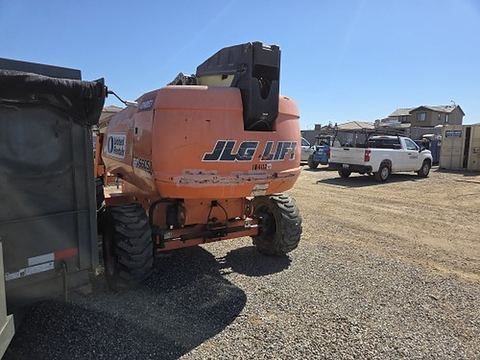 2017 JLG 660SJ Boom 65-70' Telescopic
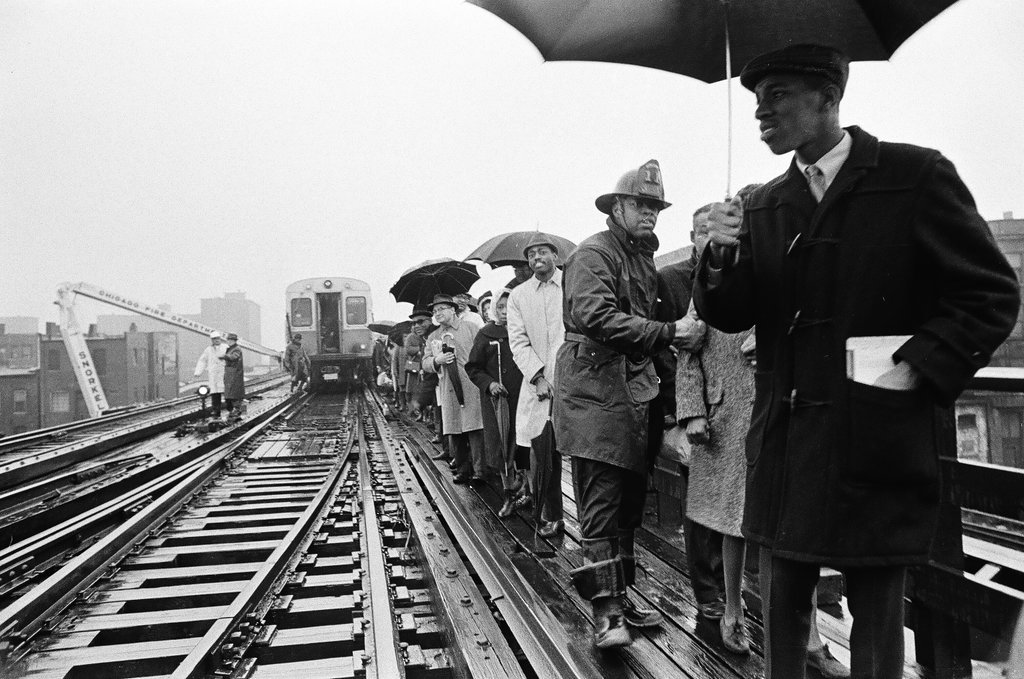 Elevated train derailment - John Tweedle for Chicago Sun-Times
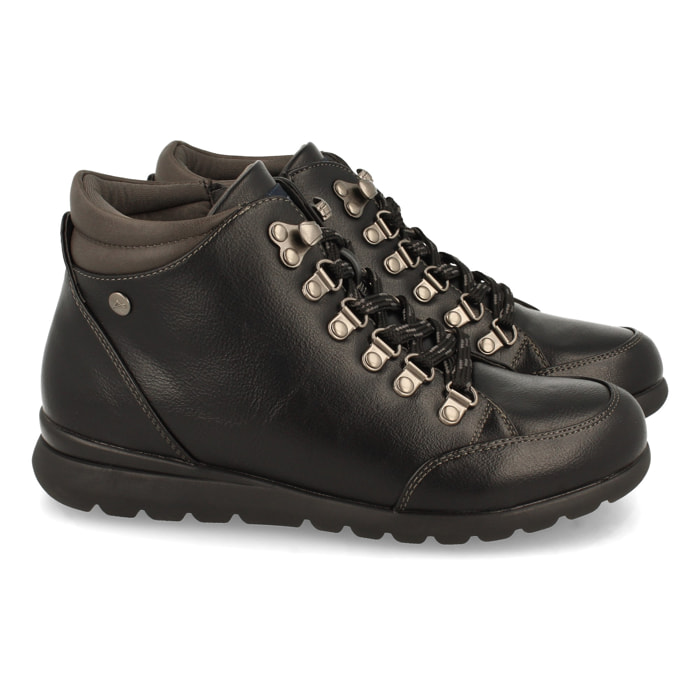 Botin Plano con Cremallera y Cordones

EXERCISE OBJECTIVE:
Go through the listing above and write it out again exactly, dropping the pictures.

ANSWER FOR THE TASK:
 2017 JLG 660SJ Boom 65-70' Telescopic
 Elevated train derailment - John Tweedle for Chicago Sun-Times
 Botin Plano con Cremallera y Cordones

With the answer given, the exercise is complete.